▶ _ABOUT THIS EXERCISE_: Transcribe only part of the material below: the lines from the one containing "Costumes Catsuit Anime" through the one containing "Modern car being", inclusive, exactly as written.

▶ _MATERIAL PROVIDED_:
______________________________

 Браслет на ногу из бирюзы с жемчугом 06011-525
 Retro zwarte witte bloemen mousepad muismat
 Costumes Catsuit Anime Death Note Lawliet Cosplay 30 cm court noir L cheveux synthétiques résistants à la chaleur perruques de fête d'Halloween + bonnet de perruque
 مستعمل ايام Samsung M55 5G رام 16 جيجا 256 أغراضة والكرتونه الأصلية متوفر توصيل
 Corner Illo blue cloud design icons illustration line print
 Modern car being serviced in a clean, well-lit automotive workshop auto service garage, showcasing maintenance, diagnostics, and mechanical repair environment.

______________________________

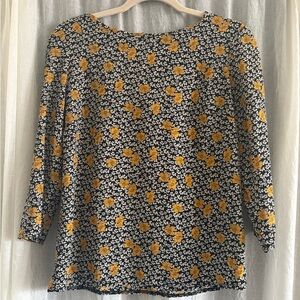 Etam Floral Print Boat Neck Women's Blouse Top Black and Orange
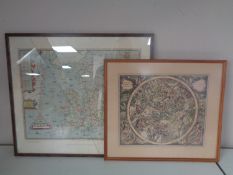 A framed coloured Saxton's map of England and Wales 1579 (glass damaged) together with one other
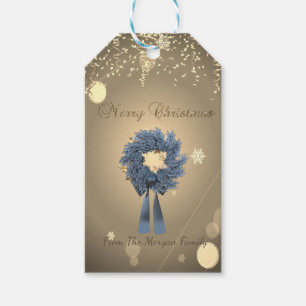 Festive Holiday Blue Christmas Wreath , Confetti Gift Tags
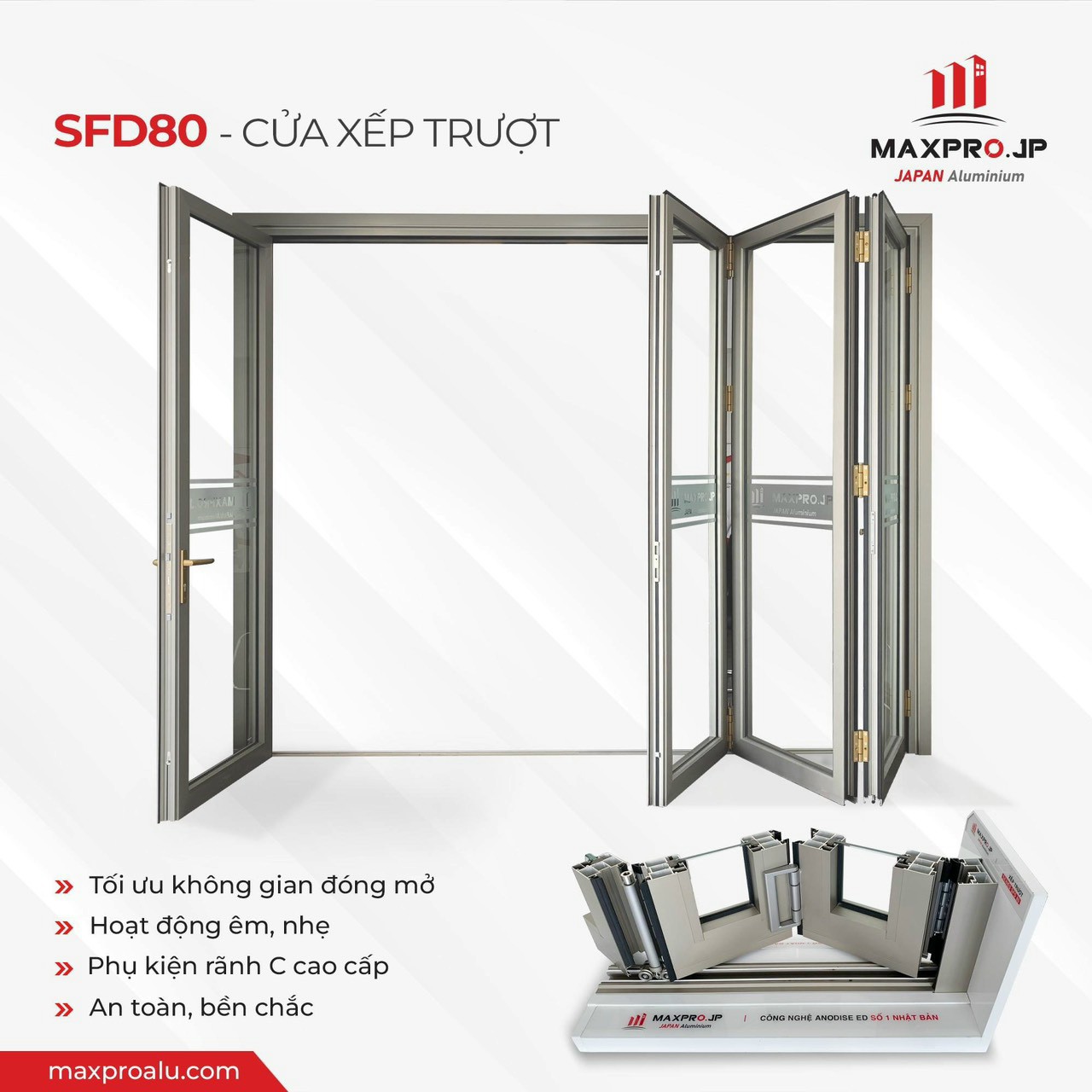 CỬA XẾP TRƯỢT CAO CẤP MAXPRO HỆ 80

______________________________

▶ _OUTPUT_:
 Costumes Catsuit Anime Death Note Lawliet Cosplay 30 cm court noir L cheveux synthétiques résistants à la chaleur perruques de fête d'Halloween + bonnet de perruque
 مستعمل ايام Samsung M55 5G رام 16 جيجا 256 أغراضة والكرتونه الأصلية متوفر توصيل
 Corner Illo blue cloud design icons illustration line print
 Modern car being serviced in a clean, well-lit automotive workshop auto service garage, showcasing maintenance, diagnostics, and mechanical repair environment.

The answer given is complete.